In all of this gainful employment though there have been a couple of moments of UNUSUAL ACTIVITY, mostly due to a young woman known to me as Daisy From Dubai. She first rang me a couple of days ago - or, rather, she rang one of the people who used to have my phone number. There seem to have been at least three such people over the past few years, and whenever someone rings for them I say that they're not here anymore and suggest that perhaps they could try emailing them.
Normally this is fine, but not for Daisy, who insisted that I try to contact them myself. I explained, again, that I just had their old phone number and didn't actually know them. At this point she OPENLY LAUGHED at me. "You don't know your own (Person's Job Title)?!?" she scoffed, as if this was the single most ludicrous thing she had ever heard. I did not think this was very polite, but I laboured on, explaining that it is a Quite Big University with six sites, so I didn't actually know everybody who works here, but from that point on she treated me like a poor ignorant fool, asking very slowly if I could find out where the other person was and put her through to them.
I looked said person up on our internal directory and gave Daisy that number. It took several more minutes to persuade her that I couldn't take a message, what with not knowing said person or working in the same office, but eventually I got her off the phone.
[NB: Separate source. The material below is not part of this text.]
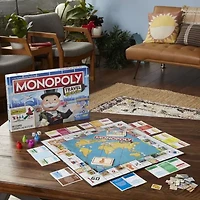 Monopoly Travel World Tour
That, I thought, was that.
Five minutes later she rang back - it turns out that I'd given her MY number again, as it's still listed as that person's number on our systems. I felt a bit daft for giving it out, but I don't actually USE my own number and, hang on a minute, shouldn't Daisy have realised she was ringing the same number again? Either way, it took AGES to persuade Daisy that I *was* the same person, and I'd given her the same number again by mistake. To be honest, I don't think she believed me - I guess she thought I was a PA who didn't want her to speak to my boss? I suggested again that she could email, but Daisy had already done that and wasn't happy that she hadn't had a reply yet, so demanded that I do so instead. I thus took her number (which is how I know she was in Dubai) and email address and promised to forward it to the person in question. That, I thought, was that.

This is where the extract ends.